START Exercise data

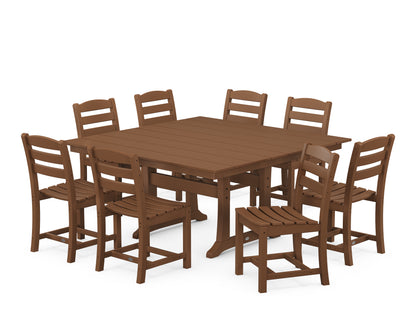 POLYWOOD® La Casa Café 9-Piece Farmhouse Trestle Dining Set in Teak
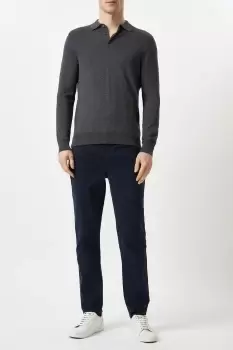 Image of Mens Slim Fit Navy 5 Pocket Chino Trousers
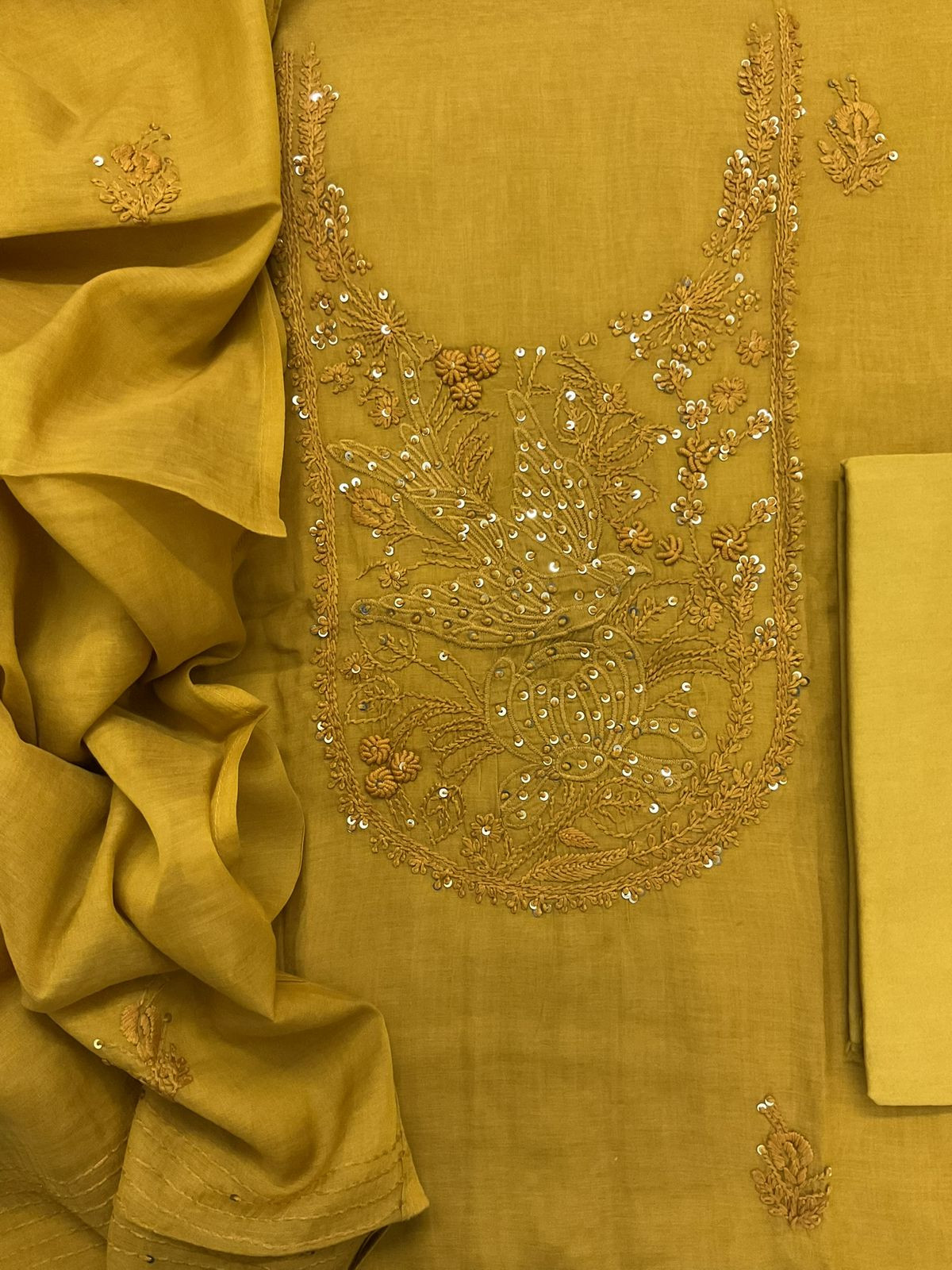 Soft Chanderi Embroidered Suit - Yellow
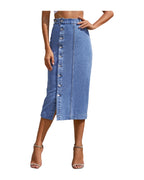Button Irregular Slit Denim High Waist Skirt photo 9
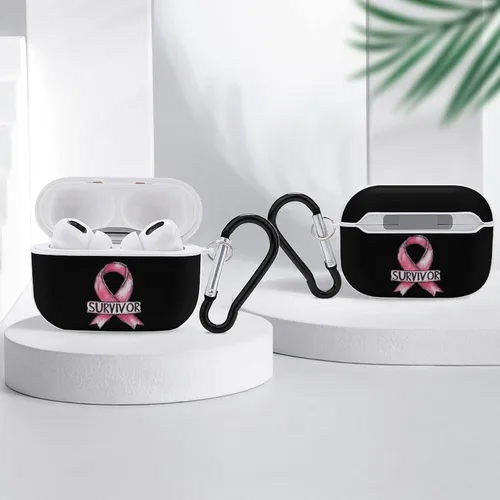 Vista 4 de Breast Cancer Survivor Hard Case Compatible with AirPods Pro 2nd / 1st Generation Cover with Keychain Estilo negro.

END Exercise data

Required work ▸
The lines from the one containing "Soft Chanderi Embroidered Suit - Yellow" up to and including the last line of the material above are to be given again exactly; any pictures are dropped.

Output for this task ▸
 Soft Chanderi Embroidered Suit - Yellow
Button Irregular Slit Denim High Waist Skirt photo 9
 Vista 4 de Breast Cancer Survivor Hard Case Compatible with AirPods Pro 2nd / 1st Generation Cover with Keychain Estilo negro.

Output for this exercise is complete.